(Brief descriptive captions)
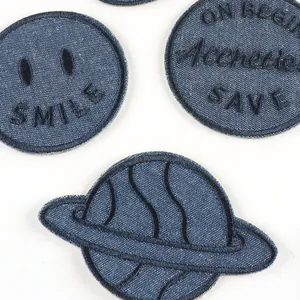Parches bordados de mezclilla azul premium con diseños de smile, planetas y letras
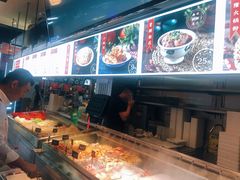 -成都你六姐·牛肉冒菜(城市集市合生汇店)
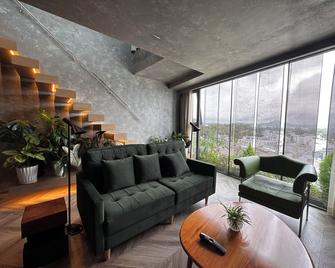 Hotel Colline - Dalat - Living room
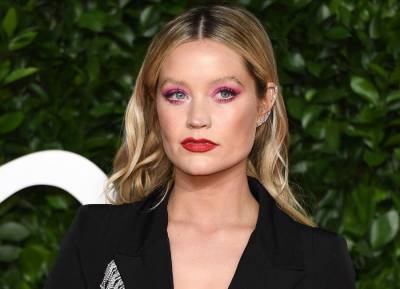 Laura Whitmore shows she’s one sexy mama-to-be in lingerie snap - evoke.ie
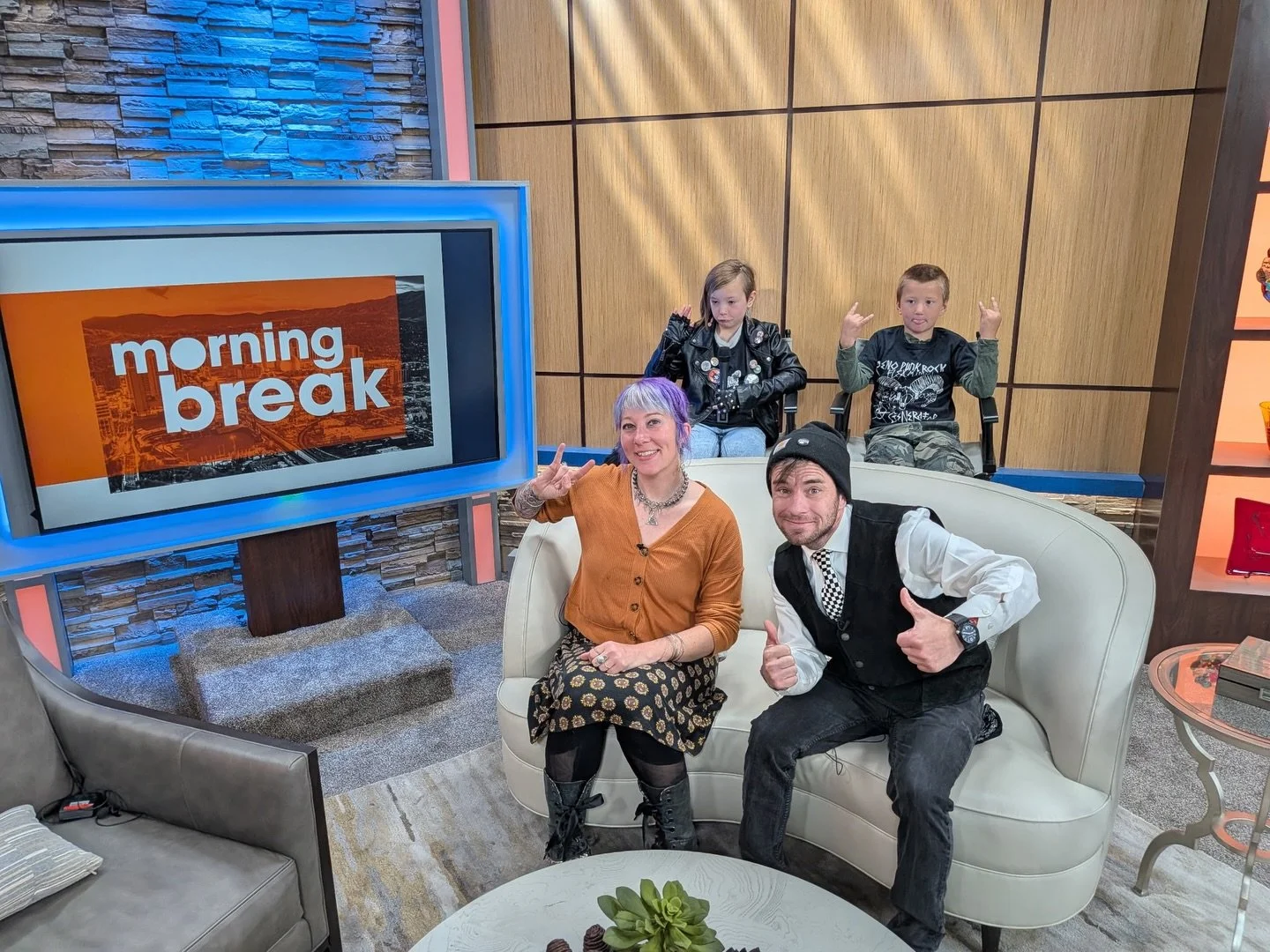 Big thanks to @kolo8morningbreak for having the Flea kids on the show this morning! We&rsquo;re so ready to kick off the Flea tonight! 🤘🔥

Goal of the exercise
Every record above, copied exactly and without a single picture, makes up the answer.

Output of the task
Parches bordados de mezclilla azul premium con diseños de smile, planetas y letras
 -成都你六姐·牛肉冒菜(城市集市合生汇店)
 Hotel Colline - Dalat - Living room
 Laura Whitmore shows she’s one sexy mama-to-be in lingerie snap - evoke.ie
 Big thanks to @kolo8morningbreak for having the Flea kids on the show this morning! We&rsquo;re so ready to kick off the Flea tonight! 🤘🔥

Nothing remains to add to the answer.